The offset persists to `$XDG_STATE_HOME/turret/calibration.toml` (default
`~/.local/state/turret/calibration.toml`) and is auto-loaded on daemon
start. The current offset is included in every `status` response as
`"yaw_offset_deg"`.

Read-side correction model: commands hit the device exactly as you wrote
them (the gimbal physically goes to the asked-for angle), and the
calibration offset is subtracted from the IMU's report before it reaches
any consumer (IPC `status`, MAVLink `GIMBAL_DEVICE_ATTITUDE_STATUS`).

#### Continuous drift correction

After the boot-time calibration captures the initial bias, the daemon
runs a slow integral controller on every 4 Hz attitude poll: once the
gimbal has been settled at the most recent SP for 2 s, the operator-frame
`PV - SP` gap is treated as accumulated IMU drift and a tiny slice of
it (capped at 0.05° per call → ~0.2°/s of correction) is added to the
calibration offset.
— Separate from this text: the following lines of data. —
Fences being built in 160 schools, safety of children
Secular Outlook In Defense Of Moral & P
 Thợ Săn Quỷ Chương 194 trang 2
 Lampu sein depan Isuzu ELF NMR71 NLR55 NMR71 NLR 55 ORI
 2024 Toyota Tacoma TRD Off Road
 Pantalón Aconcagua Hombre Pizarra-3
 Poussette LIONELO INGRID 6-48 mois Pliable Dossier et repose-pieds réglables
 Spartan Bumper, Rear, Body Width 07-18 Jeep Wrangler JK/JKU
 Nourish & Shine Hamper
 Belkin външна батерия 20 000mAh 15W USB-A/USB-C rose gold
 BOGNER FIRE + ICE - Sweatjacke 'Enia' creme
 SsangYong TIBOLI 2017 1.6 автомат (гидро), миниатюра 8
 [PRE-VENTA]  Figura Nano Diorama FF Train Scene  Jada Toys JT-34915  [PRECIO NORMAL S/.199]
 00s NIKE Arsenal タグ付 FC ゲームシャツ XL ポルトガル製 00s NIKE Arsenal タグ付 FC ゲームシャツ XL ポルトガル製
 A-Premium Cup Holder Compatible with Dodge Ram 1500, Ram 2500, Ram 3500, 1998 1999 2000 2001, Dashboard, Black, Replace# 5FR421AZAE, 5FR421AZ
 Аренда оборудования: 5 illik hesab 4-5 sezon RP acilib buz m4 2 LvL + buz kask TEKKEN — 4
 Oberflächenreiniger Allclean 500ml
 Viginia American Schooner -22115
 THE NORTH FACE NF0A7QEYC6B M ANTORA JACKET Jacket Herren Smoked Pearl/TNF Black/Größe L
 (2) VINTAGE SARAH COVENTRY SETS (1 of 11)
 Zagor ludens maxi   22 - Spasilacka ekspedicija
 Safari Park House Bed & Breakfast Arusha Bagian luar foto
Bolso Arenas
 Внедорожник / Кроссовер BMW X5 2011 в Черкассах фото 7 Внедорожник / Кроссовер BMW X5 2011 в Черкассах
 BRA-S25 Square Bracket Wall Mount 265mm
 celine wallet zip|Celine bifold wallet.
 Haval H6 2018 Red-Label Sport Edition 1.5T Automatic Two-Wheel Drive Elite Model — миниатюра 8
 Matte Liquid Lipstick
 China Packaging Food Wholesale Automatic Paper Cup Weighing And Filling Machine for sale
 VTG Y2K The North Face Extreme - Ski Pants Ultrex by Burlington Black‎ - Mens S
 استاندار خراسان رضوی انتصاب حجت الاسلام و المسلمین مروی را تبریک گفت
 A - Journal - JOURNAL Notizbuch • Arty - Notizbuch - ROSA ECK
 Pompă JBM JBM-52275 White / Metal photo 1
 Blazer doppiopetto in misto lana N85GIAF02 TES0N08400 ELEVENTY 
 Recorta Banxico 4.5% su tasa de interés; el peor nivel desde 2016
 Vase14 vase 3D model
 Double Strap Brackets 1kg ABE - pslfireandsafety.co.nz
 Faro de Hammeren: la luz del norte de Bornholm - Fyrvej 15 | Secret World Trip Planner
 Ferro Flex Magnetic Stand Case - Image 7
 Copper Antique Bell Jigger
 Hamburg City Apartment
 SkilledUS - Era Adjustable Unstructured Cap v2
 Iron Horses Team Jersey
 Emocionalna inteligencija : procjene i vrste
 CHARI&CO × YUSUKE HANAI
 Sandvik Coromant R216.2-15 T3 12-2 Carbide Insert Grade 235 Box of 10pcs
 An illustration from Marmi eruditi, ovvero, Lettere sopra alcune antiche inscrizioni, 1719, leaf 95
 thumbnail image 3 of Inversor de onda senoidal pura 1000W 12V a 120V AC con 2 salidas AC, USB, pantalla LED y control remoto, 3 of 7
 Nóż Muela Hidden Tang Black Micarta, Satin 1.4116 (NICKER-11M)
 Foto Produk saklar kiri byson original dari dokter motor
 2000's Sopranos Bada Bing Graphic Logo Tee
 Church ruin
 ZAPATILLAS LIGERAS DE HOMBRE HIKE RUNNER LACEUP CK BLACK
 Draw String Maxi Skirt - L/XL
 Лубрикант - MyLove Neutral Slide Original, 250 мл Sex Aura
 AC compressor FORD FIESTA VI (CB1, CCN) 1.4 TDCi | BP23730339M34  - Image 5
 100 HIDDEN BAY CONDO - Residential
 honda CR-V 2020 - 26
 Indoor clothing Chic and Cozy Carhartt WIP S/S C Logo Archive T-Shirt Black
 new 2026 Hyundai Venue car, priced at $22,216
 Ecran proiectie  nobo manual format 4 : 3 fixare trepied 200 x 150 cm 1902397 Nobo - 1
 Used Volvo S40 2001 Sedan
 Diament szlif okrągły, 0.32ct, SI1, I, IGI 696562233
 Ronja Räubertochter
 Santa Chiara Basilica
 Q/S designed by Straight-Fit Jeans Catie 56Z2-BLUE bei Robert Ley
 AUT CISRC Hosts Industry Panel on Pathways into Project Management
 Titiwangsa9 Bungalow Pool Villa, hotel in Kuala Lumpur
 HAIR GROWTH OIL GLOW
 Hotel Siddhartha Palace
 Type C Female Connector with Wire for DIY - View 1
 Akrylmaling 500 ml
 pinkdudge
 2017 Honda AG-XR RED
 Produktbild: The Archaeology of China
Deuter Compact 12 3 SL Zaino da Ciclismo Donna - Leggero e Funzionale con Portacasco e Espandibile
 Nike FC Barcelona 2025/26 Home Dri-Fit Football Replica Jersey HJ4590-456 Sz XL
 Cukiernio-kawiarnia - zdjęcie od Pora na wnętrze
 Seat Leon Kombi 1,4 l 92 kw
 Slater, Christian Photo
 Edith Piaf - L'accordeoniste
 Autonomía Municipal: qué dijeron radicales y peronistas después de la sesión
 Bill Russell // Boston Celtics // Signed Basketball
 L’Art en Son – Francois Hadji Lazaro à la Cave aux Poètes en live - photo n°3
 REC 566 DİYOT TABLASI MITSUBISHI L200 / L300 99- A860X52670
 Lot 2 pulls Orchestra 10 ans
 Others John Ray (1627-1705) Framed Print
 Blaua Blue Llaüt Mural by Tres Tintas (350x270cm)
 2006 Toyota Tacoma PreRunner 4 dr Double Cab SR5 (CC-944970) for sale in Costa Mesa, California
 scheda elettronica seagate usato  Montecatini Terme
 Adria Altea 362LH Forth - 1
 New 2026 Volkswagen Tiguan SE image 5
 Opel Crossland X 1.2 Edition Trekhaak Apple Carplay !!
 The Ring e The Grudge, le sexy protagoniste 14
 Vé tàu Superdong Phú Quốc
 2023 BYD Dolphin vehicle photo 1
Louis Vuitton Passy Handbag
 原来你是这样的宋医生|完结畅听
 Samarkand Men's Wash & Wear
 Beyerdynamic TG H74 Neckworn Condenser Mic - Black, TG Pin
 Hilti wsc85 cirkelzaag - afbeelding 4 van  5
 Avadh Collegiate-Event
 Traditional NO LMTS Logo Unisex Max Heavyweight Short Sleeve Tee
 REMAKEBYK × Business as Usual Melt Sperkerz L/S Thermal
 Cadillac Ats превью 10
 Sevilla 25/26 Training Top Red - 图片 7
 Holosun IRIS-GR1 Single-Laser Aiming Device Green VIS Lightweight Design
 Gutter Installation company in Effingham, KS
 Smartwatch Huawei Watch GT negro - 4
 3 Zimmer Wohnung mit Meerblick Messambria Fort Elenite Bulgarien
Geometric convergence with a ~50 s time constant
keeps the offset honest over hours, so you don't need to re-run
`calibrate_yaw` mid-session as the IMU drifts.

The corrected offset is persisted back to the same XDG state file
(throttled — at most one disk write per minute, and only after the
offset has slid more than 0.05° from the last persisted value).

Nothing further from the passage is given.